3. (Optional) Sign the outgoing webhook. Agentry signs all webhooks with HMAC-SHA256. To verify in your Slack-side proxy — uses Web Crypto, so it runs anywhere (Workers, Deno, Node 20+, browsers):
async function verifyAgentryWebhook(req: Request): Promise<boolean> {
const sig = req.headers.get("x-agentry-signature") ?? "";
const body = await req.text();
const key = await crypto.subtle.importKey(
"raw",
new TextEncoder().encode(process.env.AGENTRY_WEBHOOK_SECRET!),
{ name: "HMAC", hash: "SHA-256" },
false,
["sign"],
);
const mac = await crypto.subtle.sign("HMAC", key, new TextEncoder().encode(body));
const expected = Array.from(new Uint8Array(mac))

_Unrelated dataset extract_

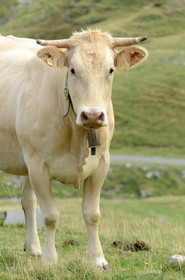 faune animaux montagne haute alpes ,queyras, mercantour,alpes de haute provence,alpes maritime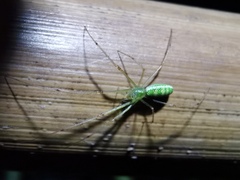 Tetragnatha squamata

.map((b) => b.toString(16).padStart(2, "0"))
.join("");
return sig === expected;
}
// In your handler
if (!(await verifyAgentryWebhook(req))) {
return new Response("bad sig", { status: 401 });
}
Variations
- “Same setup but for production. Only alert if the new fingerprint hits 5+ users within the hour.”
- “Run every 5 min instead of hourly — I want faster signal during a launch.”
- “Watch for fingerprints that re-appear after being marked resolved (regressions).”
- “Post different channels depending on severity: 1-user errors → #eng-noise, 5+ user errors → #eng-oncall, 50+ → @here in #incidents.”